David Cameron’s former right-hand woman reveals the betrayal that ripped the Tories apart

For more than a decade, Kate Fall was at the heart of David Cameron’s team. 

As his deputy chief of staff, she was his gatekeeper — the person who sat outside his office and decided who came in and who didn’t. 

Now she has written the riveting inside story of her years in the nerve-centre of power, serialised exclusively in the Daily Mail. 

In this final extract, she reveals how, even though the Conservatives had won an unexpected majority in the 2015 General Election, the issue of Europe quickly began to divide David Cameron’s key allies. 

May 2015. Amazing to be back in Downing Street for another five years! David and George are now at the top of their game. However, I soon sense the beginning of a friction between the Cameron and Osborne teams, which hasn’t been present before.

It’s David’s own fault. He has let slip in an interview that he won’t fight another election, thus making himself a partially lame duck in what should be his moment of glory. Only partially, because he has been careful to say he’ll serve a full five years, and that’s a long time in politics.

But still — George Osborne is the coming man.

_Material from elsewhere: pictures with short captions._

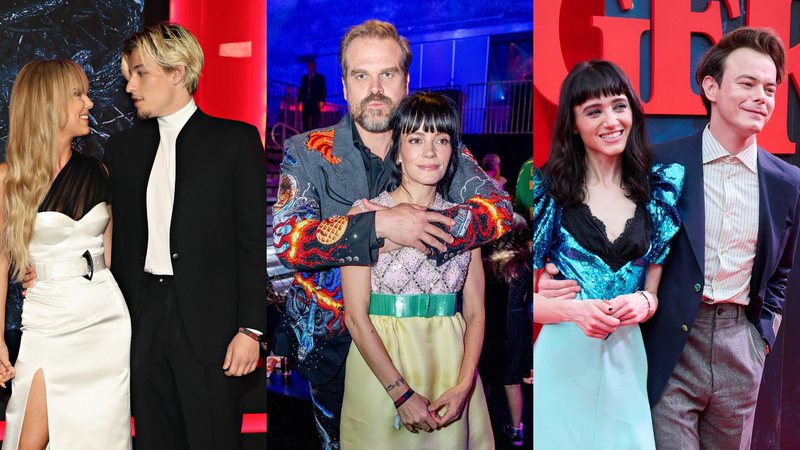 Millie Bobby Brown e Jake Bongiovi (Foto: Cindy Ord/Getty Images),  David Harbour e Lily Allen (Foto: Roy Rochlin/Getty Images) e Natalia Dyer e Charlie Heaton (foto: Carlos Alvarez/Getty Images)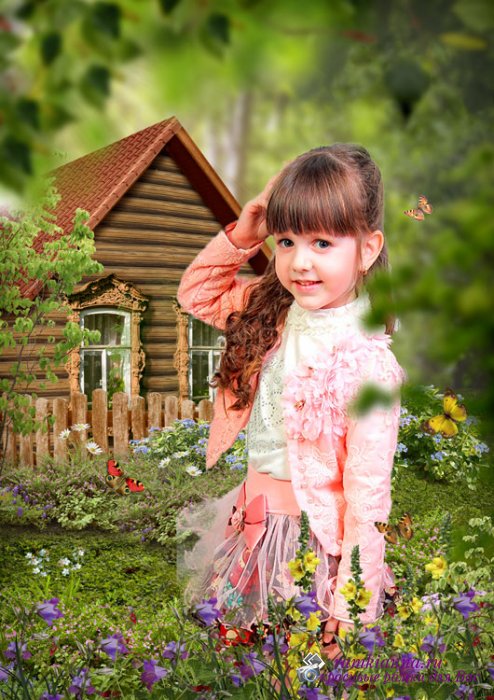 Коллаж для фото детей – Возле домика в деревне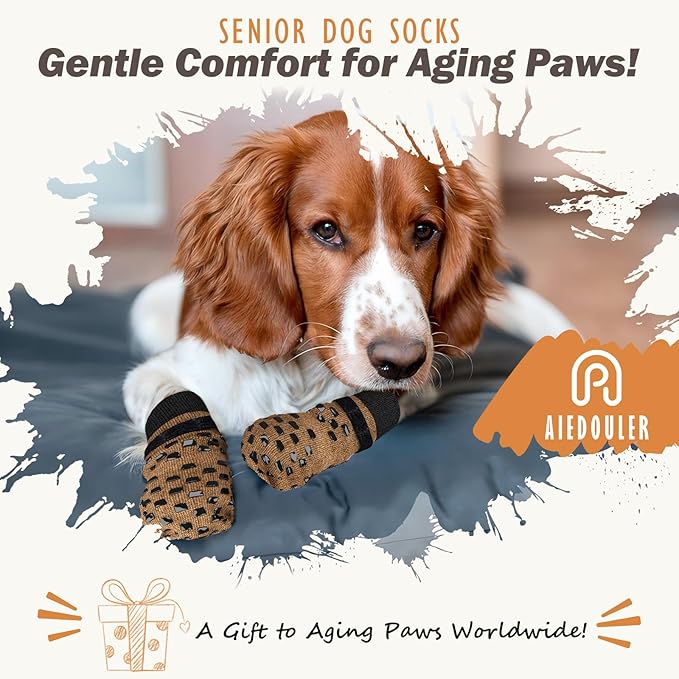 Non Slip Dog Socks to Prevent Licking Paws Grippy Socks for Senior Dog on Hardwood Floors Anti Slip Dog Socks for Hot Pavement Double Side Paw Protector Prevent Scratching Brown L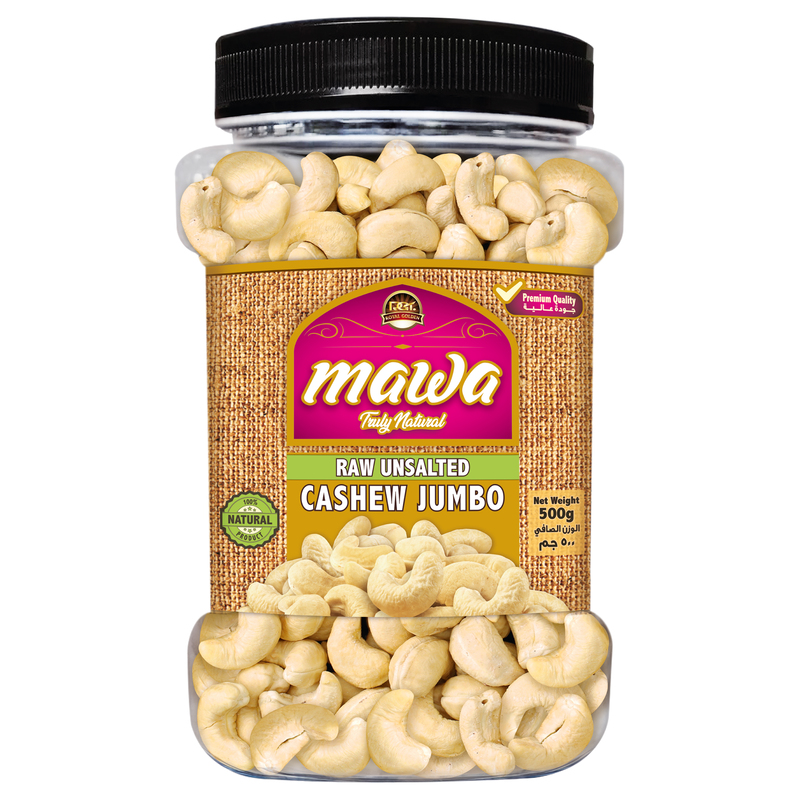 MAWA Raw Unsalted Cashew Jumbo-W240 500g (Plastic Jar)
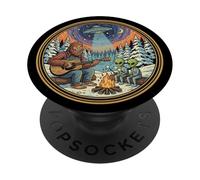 Bigfoot Suonare la chitarra con un Alien Sasquatch Camping PopSockets PopGrip Adesivo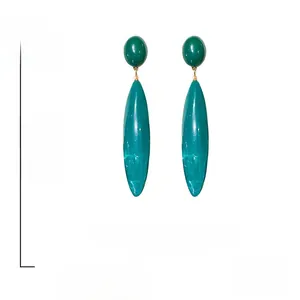 Detailed view of long vintage emerald teardrop earrings with 925 silver needle specifications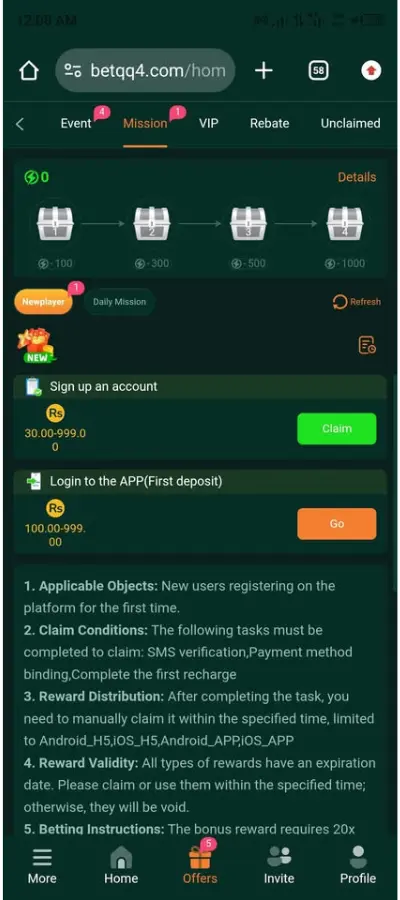 BetQQ Game sign up bonus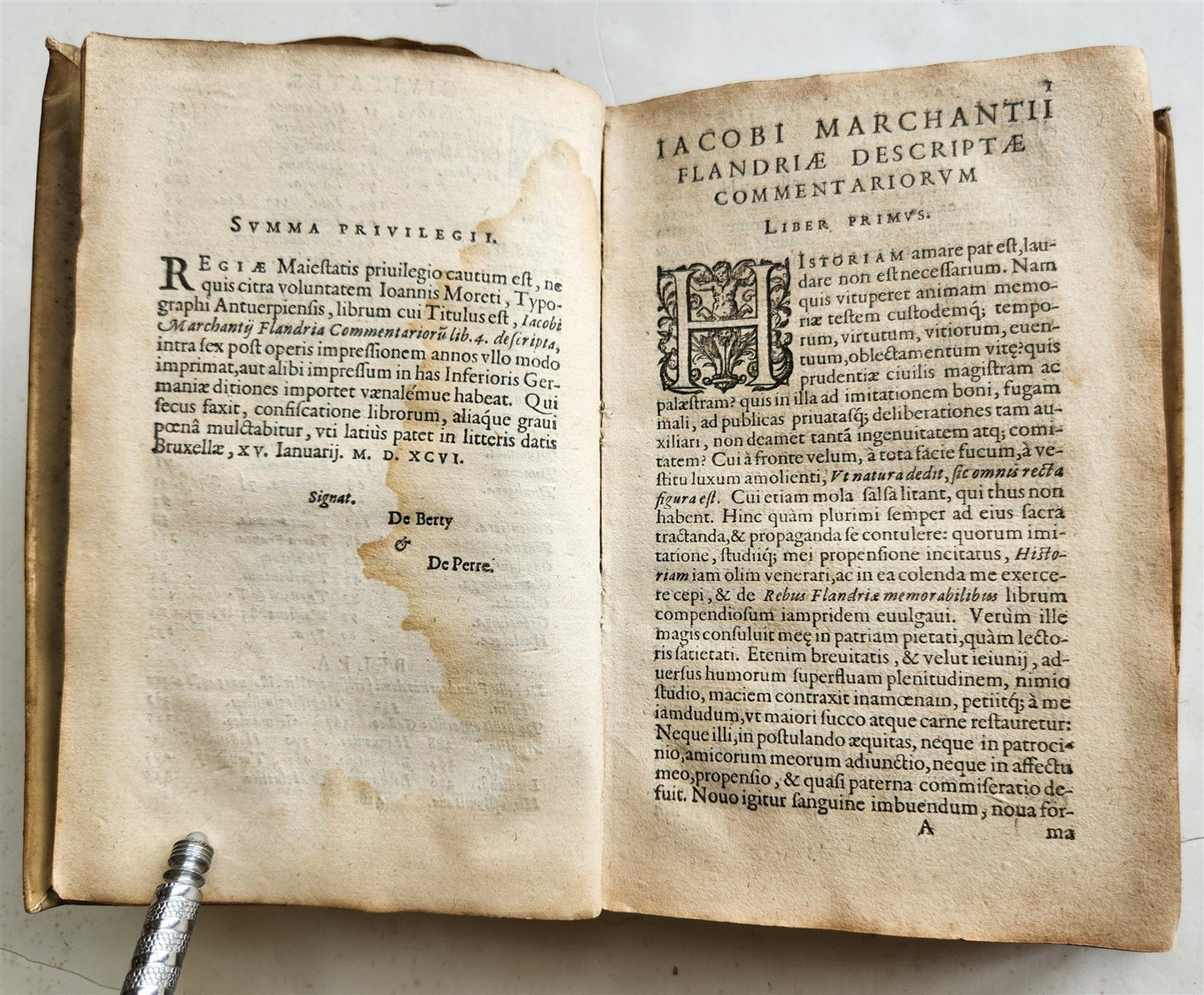 1596 HISTORY of FLANDRIA by Jacobus MARCHANTIUS antique VELLUM Plantin Publisher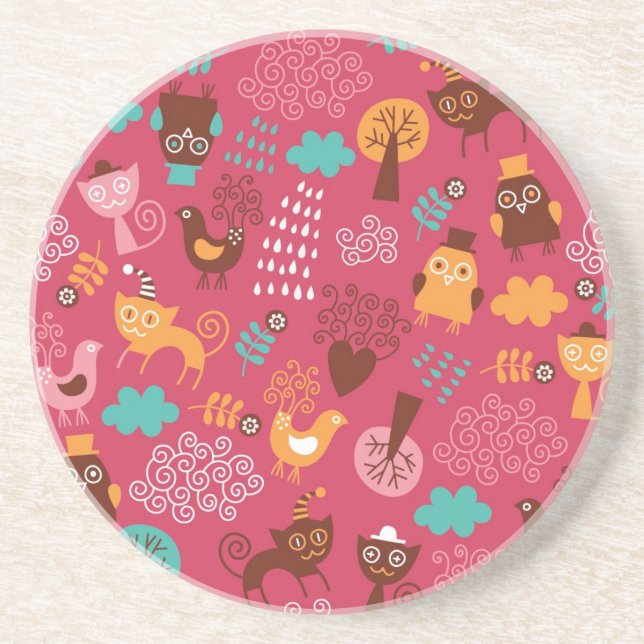 Pattern with cute birds and cats coaster (Front)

And David has morphed into a sort of king, looking affectionately at his bumptious, ambitious heir apparent.

Election tension: In May 2015, David Cameron gathers a team of advisers (Kate Fall far right) at his home

There have been many things we wanted to do but couldn’t, either because we had to make concessions to the Lib Dems or because austerity dominated the political landscape. Now we have political liberty.

Philip Hammond stays in situ as Foreign Secretary. We all like his sweet, dry charm, and the fact that he doesn’t play games. He likes to move with caution and ‘check in’ before doing anything radical.

Apart, that is, from when he’s driving his car, which he likes to do at great speed.

The next big decision is whether we keep Michael Gove on as Chief Whip, a job he hates and isn’t particularly good at. We agree it’s best to move him to Justice, where he can put his considerable creative intellect to reforming prisons.

There is another reason for the move. Michael brings much to our team at No 10 — not least his brilliance and charm. But although in many ways he fits in as an ultra-moderniser, he is also of a very different political mindset — more radical than conservative.

David once branded him a bit of a Maoist: someone who believes that progress only comes through creative destruction (Gove himself being the force of creative destruction).

This approach to government can be refreshing; it’s important to be challenged, especially now we are entering our eleventh year of working together.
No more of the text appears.